New York

“Cubist Illustrated Books In Context”

Franklin Furnace

Though hardly a novel notion, recognition of the importance of graphic media in spreading artistic ideas has only come into its own in recent examinations of early-20th-century “isms.” Through the ’60s, the American approach stressed painting and sculpture as the main signposts of visual development, and relegated drawing, prints, and particularly the design media to the back burners. All this began to change with the emergence of the issues of the ’70s; as contemporary concerns shifted toward the alternative media, we started to look for new things in the past.

One of the major legacies of the ’70s has been the recognition and support of contemporary artists’ publications, and a side-effect of that legacy was the receptive climate for this examination of Cubist books. The show, curated by Donna Stein, was a persuasive display of the passion and commitment underscoring Cubism. It covered the range of Cubist publications from books about Cubism, through catalogues of Cubist exhibitions, to deluxe, lavish, color-plate monographs—the examples on Sonia Delaunay, Natalia Goncharova, and Mikhail Larionov are knockouts in this regard; and it surveyed Cubist graphic expression from the declarative representations of Pablo Picasso, Georges Braque, and Fernand Léger, through the studious, scaffoldlike treatments of Louis Marcoussis and the soft Cubistcum-realist renderings of Jean-Emile Laboureur, to an abstraction Alexandra Exter did for the cover of the first Russian monograph on Picasso.

Other documents provided a vivid sense of the context in which Cubism developed: among the most humorous was a satirical cartoon by the popular American illustrator James Montgomery Flagg, entitled “If Whistler had only been a Cubist,” executed in 1913–14. In the texts in the catalogue accompanying this show, which was part of a dual exhibition with Cubist prints held at the Aldis Browne gallery, Stein discusses such topics as the collaborative relationships between artists and writers of the period and the role of such publishers as dealer Henry Kahnweiler in making the work of his artists available in the accessible forms of books and prints. At issue here is nothing less than the transformation of Cubism, the artistic style, into Cubism, the cultural sensibility.

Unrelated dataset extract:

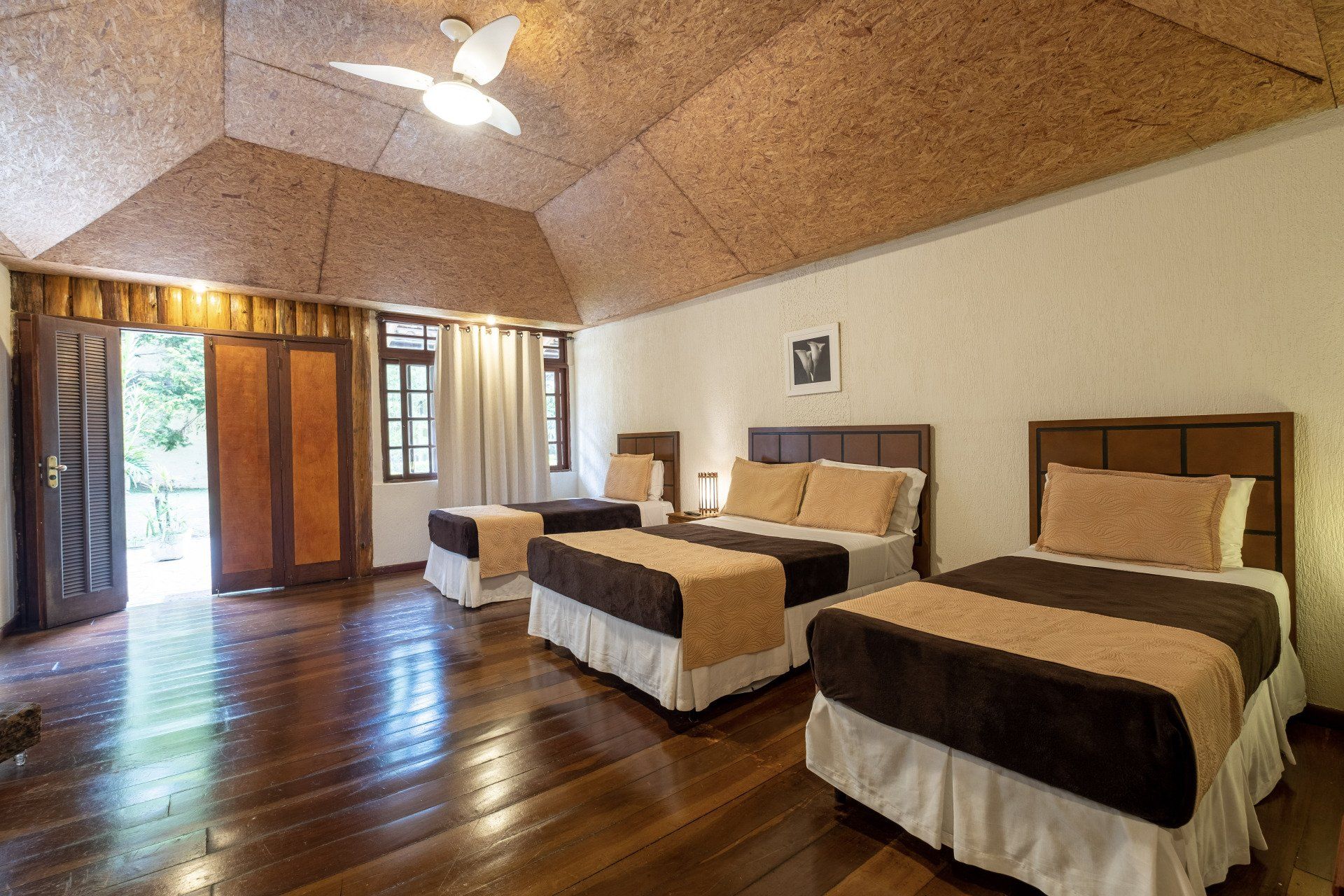 Quarto com três camas, piso e teto de madeira e portas abertas para uma varanda.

A fascinating case in point is offered by Picasso’s etchings for Max Jacob’s prose poem Saint Matorel, published by Kahnweiler in 1911. In this set of illustrations Picasso made his style, which loomed so rich, complex, and difficult in his analytical-Cubist paintings of the time, approachable in crisp, specific images. This publication was must buying for artists both in and outside Paris; one image from it, Mademoiselle Léonie, played a significant role in the study of Cubism by the Russian avant-garde. With its precise composition of curved and straight lines, the 1910 etching represented what Kasimir Malevich was to call the “additional element,” in other words, that which makes Cubism Cubism and not, say, Futurism. Malevich, in fact, included this work as an exemplar of Cubism in the teaching charts he developed at the Institute of Artistic Culture in Leningrad in the ’20s.

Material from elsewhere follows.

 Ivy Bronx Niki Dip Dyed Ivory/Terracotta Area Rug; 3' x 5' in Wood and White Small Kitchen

Again, Mademoiselle Léonie is notable for its anonymous, public look, its engineer’s-drawing character, which affected not only the Russians but Cubist-disposed artists in general. Picasso provided them with a method they could use as a hammer to reshape the world. With certain artists, particularly Goncharova and Larionov, it is hard to distinguish the influence of Cubism from other sources important to the dynamic approach to color and form both applied in their theater work; and where there is Cubism, of course, can Futurism be far behind? In this show the context was filled out with striking examples of Futurist and Futurist-influenced periodicals, from Lacerba, the main mouthpiece of the first-generation Futurists, to Ma, the Hungarian journal, one of the so-called “little magazines” of the ’20s.